I agree that some kind of averaging is needed. But how we average depends
on what do we need the number for. My thoughts were that there is not such
a thing as *the* write bandwidth since that depends on the background load
on the disk and also type of writes we do (sequential, random) as you noted
as well. What writeback needs to estimate in fact is "how fast can we write
this bulk of data?". Since we should ultimately size dirty limits and other
writeback tunables so that the bulk of data can be written in order of
seconds (but maybe much slower because of background load) I agree with
your first choice that we should measure written pages in a window of
several seconds - so your choice of 3 seconds is OK - but this number
should have a reasoning attached to it in a comment (something like my
elaborate above ;)

Now to your second level of smoothing - is it really useful? We already
average over several second window so that should really eliminate big
spikes comming from bumpy IO completion from storage (NFS might be a
separate question but we talked about that already). Your second level
of smoothing just spreads the window even further but if you find that
necessary, why not make the window larger in the first place? Also my
observations of avg-bandwidth and bandwidth when there's some background
read load (e.g. from grep) shows that in this case both bandwidth and
avg-bandwidth fluctuate +-10%. Finally, as I reasoned above, we are
interested in how much we can write in coming say 2 seconds so I don't see
a big point smoothing the value too much (I'd even say it's undesirable).
What do you think?

Some code related comments are below:

> --- linux-next.orig/fs/fs-writeback.c 2011-06-23 10:31:40.000000000 +0800
> +++ linux-next/fs/fs-writeback.c 2011-06-29 16:23:05.000000000 +0800
> @@ -693,6 +693,16 @@ static inline bool over_bground_thresh(v
> }
>
> /*
> + * Called under wb->list_lock. If there are multiple wb per bdi,
> + * only the flusher working on the first wb should do it.
> + */
> +static void wb_update_bandwidth(struct bdi_writeback *wb,
> + unsigned long start_time)
> +{
> + __bdi_update_bandwidth(wb->bdi, start_time);
> +}
> +
> +/*
> * Explicit flushing or periodic writeback of "old" data.
> *
> * Define "old": the first time one of an inode's pages is dirtied, we mark the
> @@ -710,6 +720,7 @@ static inline bool over_bground_thresh(v
> static long wb_writeback(struct bdi_writeback *wb,
> struct wb_writeback_work *work)
> {
> + unsigned long wb_start = jiffies;
> long nr_pages = work->nr_pages;
> unsigned long oldest_jif;
> struct inode *inode;
> @@ -758,6 +769,8 @@ static long wb_writeback(struct bdi_writ
> progress = __writeback_inodes_wb(wb, work);
> trace_writeback_written(wb->bdi, work);
>
> + wb_update_bandwidth(wb, wb_start);
> +
> /*
> * Did we write something? Try for more
> *
> --- linux-next.orig/include/linux/backing-dev.h 2011-06-23 10:31:40.000000000 +0800
> +++ linux-next/include/linux/backing-dev.h 2011-06-29 16:23:05.000000000 +0800
> @@ -73,6 +73,11 @@ struct backing_dev_info {
>
> struct percpu_counter bdi_stat[NR_BDI_STAT_ITEMS];
>
> + unsigned long bw_time_stamp;
> + unsigned long written_stamp;
> + unsigned long write_bandwidth;
> + unsigned long avg_write_bandwidth;
> +
Some comments on what these are would be useful.

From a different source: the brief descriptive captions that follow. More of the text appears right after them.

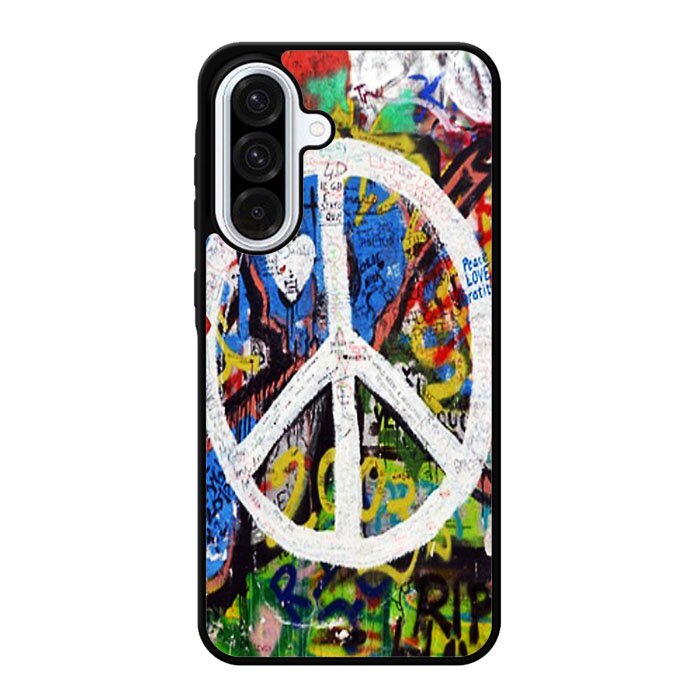 Peace Sign Graffiti Love Art Case Samsung Galaxy A16 Case DC1388
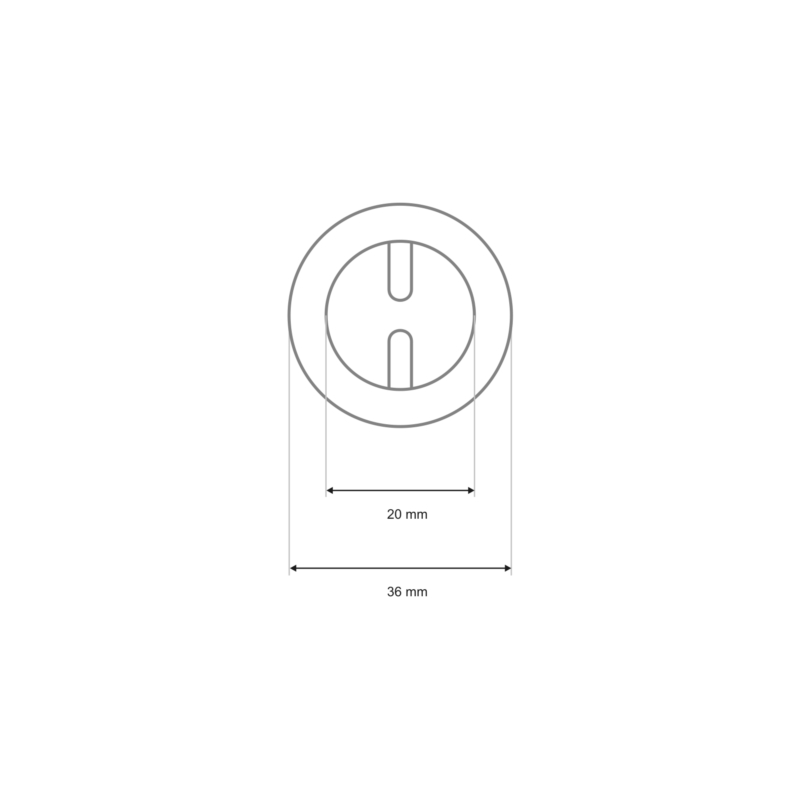 Oczka metalowe zaciskowe 20 mm nikiel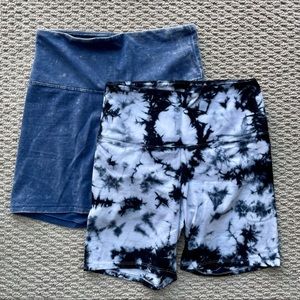 2 PACK - VS PINK Cotton Bike Shorts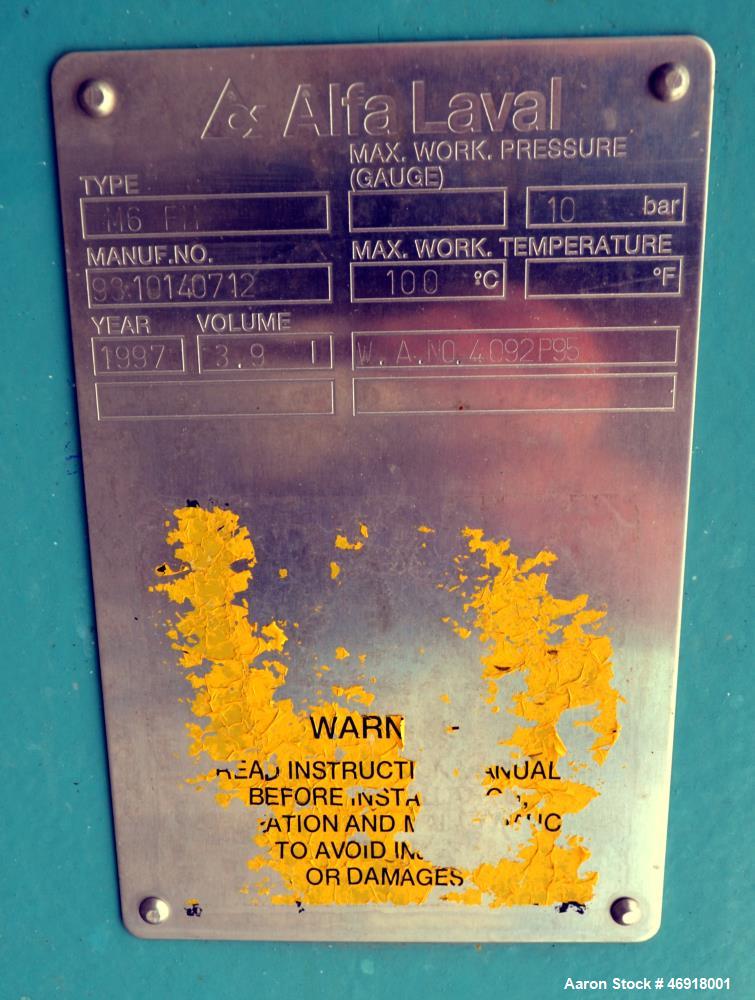 Used Pfaudler Wipe Film Evaporator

> struct prop_local_percpu completions;
> int dirty_exceeded;
>
> --- linux-next.orig/mm/page-writeback.c 2011-06-23 10:31:40.000000000 +0800
> +++ linux-next/mm/page-writeback.c 2011-06-29 16:23:44.000000000 +0800
> @@ -37,6 +37,11 @@
> #include <trace/events/writeback.h>
>
> /*
> + * Sleep at most 200ms at a time in balance_dirty_pages().
> + */
> +#define MAX_PAUSE max(HZ/5, 1)
You use this for ratelimiting updates of bdi bandwidth. So we should
really have a separate (and properly commented) constant for it.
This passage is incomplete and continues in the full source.